If 640x960 is the most the naked eye can see....

Discussion in 'iPhone' started by 0000757, May 16, 2012.

  1. 0000757 macrumors 68040

    Dec 16, 2011
    If 640x960 is the most the naked eye can see, why are phones being equiped with 1280x720 resolution screens. I've looked at one, the LG Spectrum, and I can't see ANY difference in screen quality. In fact, the iPhone looked slighty better! Can someone offer an explanation?
  2. FSMBP, May 16, 2012
    Last edited: May 16, 2012

    FSMBP macrumors 68020


    Jan 22, 2009
    That's not right at all. You're confusing resolution with PPI.

    EDIT: Further explanation: According to Apple, you cannot tell pixels apart on a resolution of 960x640 on a 3.5" screen (accounting for the distance you would hold the screen away from your face and its PPI). Putting the same resolution a 6" screen would have less pixel density and would be able to see individual pixels. Therefore, the larger the screen, the higher the resolution it needs to maintain an acceptable PPI that would be hard for people to see individual pixels.
  3. DroidRules macrumors 65816

    Aug 10, 2010
  4. Tarzanman macrumors 65816

    Jul 16, 2010
    Its called marketing, and you've fallen for it hook, line, and sinker.
  5. Bugeyeblue macrumors 6502a


    Mar 27, 2011
    It also seems to me that most of the android phones are using some variation of amoled screens, which, to me, always look more pixelated than LCD screens.
  6. 0000757 thread starter macrumors 68040

    Dec 16, 2011
    Thank you; the only helpful post answering my question.

    I understand now.
  7. kdarling macrumors P6


    Jun 9, 2007
    First university coding class = 47 years ago
    Read this:



    You've heard of "print quality", right? 300 dpi? Similar kind of thing. At 12" away, a "normal" person cannot see the ink dots.

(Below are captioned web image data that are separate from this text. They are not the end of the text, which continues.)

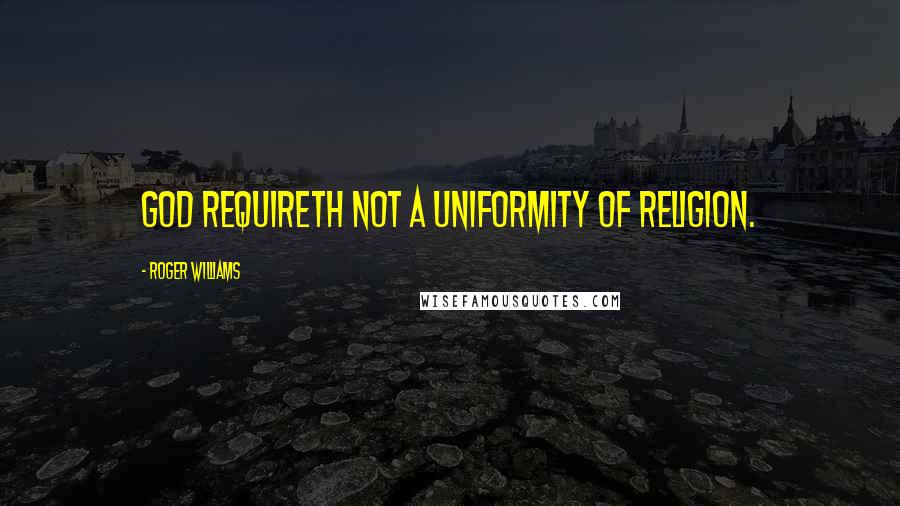 Roger Williams Quotes: God requireth not a uniformity of religion.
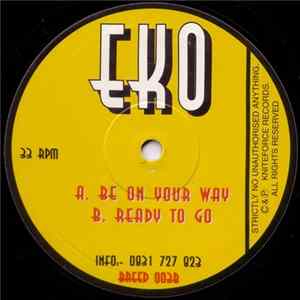 EKO - Be On Your Way / Ready To Go mp3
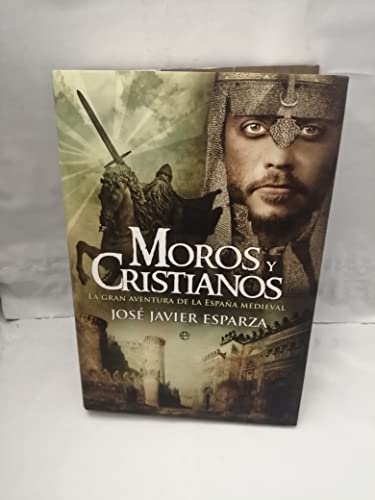 Moros y cristianos: la gran aventura de la España medieval: La Gran Aventura de La Espana Mediev...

    It's all about how much angle that a visual change takes up. So, for example, if you put your eyes 1" away from a screen, a "retina" screen would need over 3500 ppi since each pixel set is bigger to your eye at that short distance.

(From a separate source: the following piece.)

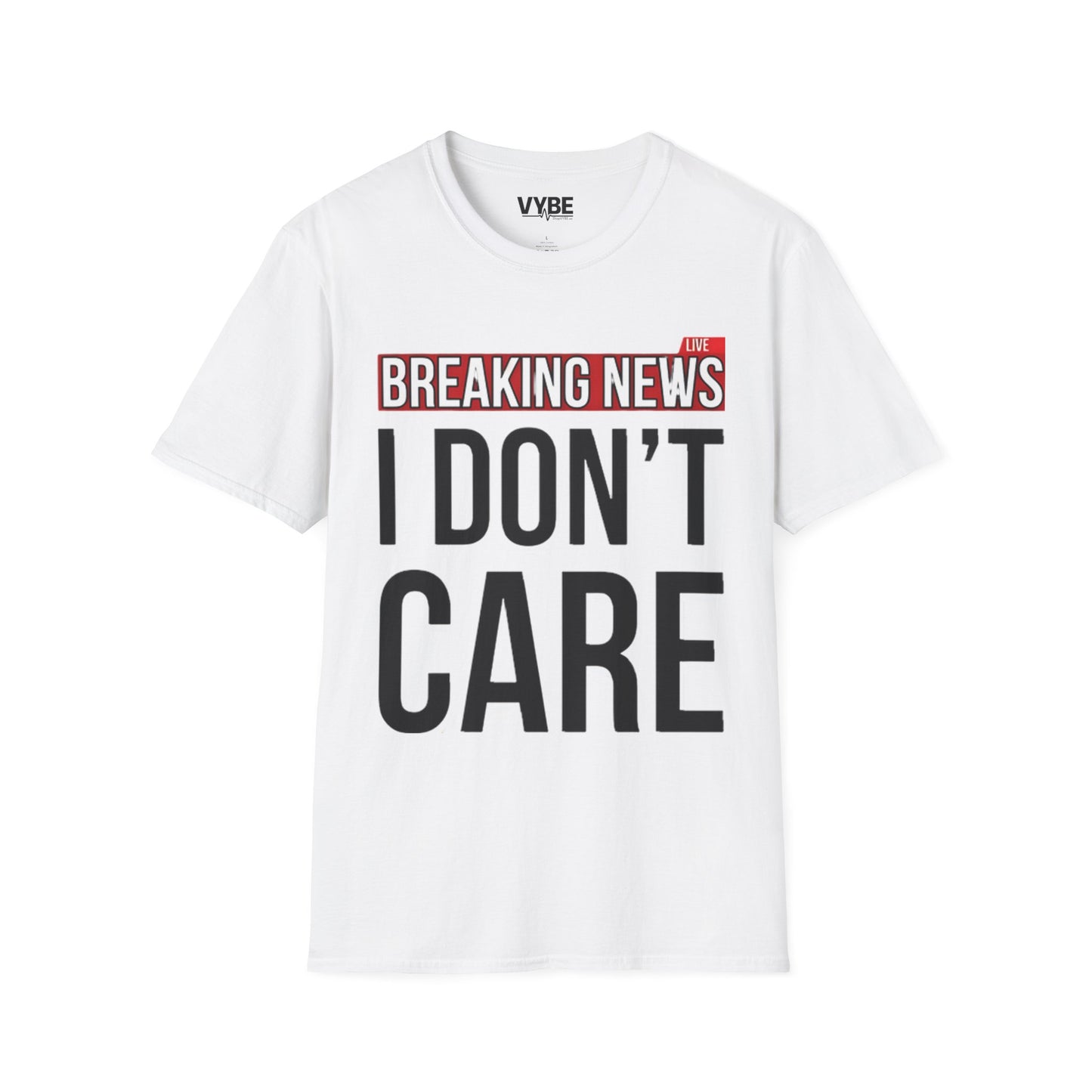 Breaking News I Don't Care Tee - VYBE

    On the other hand, at a football field length away, pixels could be 1" square and be close to "retina", because they also subtend the same small visual angle. (Imagine a big screen TV at a ball game)

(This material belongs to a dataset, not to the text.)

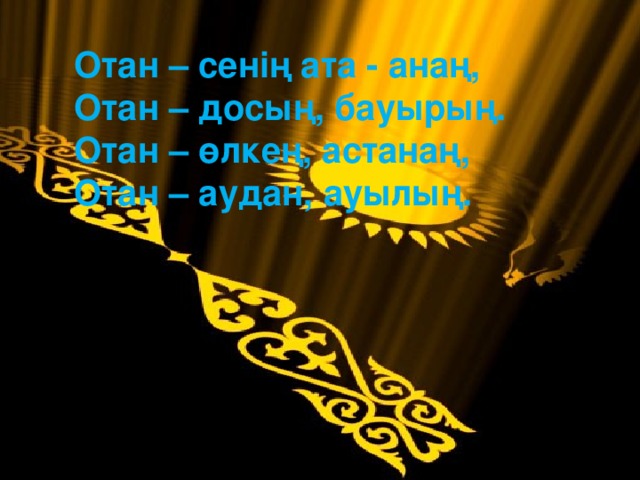 Отан – сенің ата - анаң,  Отан – досың, бауырың.  Отан – өлкең, астанаң,  Отан – аудан, ауылың. \\mario8\SharedDocs\kz\Назарбаев\Nazarb~1.jpg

    It's like a cone that gets bigger the further away your eye is.
  8. iEnvy macrumors 65816


    Jun 25, 2010
    Basically.. (resolution)/(screen size)=DPI

    Higher the screen size, the higher the resolution needs to be for a higher DPI.
  9. kdarling macrumors P6


    Jun 9, 2007
    First university coding class = 47 years ago
    That's true for the Pixels Per Inch, but the "retina" term involves distance as well:

    At 10", you need 357 PPI to be called "retina".
    At 12", you need 300 PPI.
    At 24", you need 148 PPI.

    At 100 yards, you only need 1 PPI.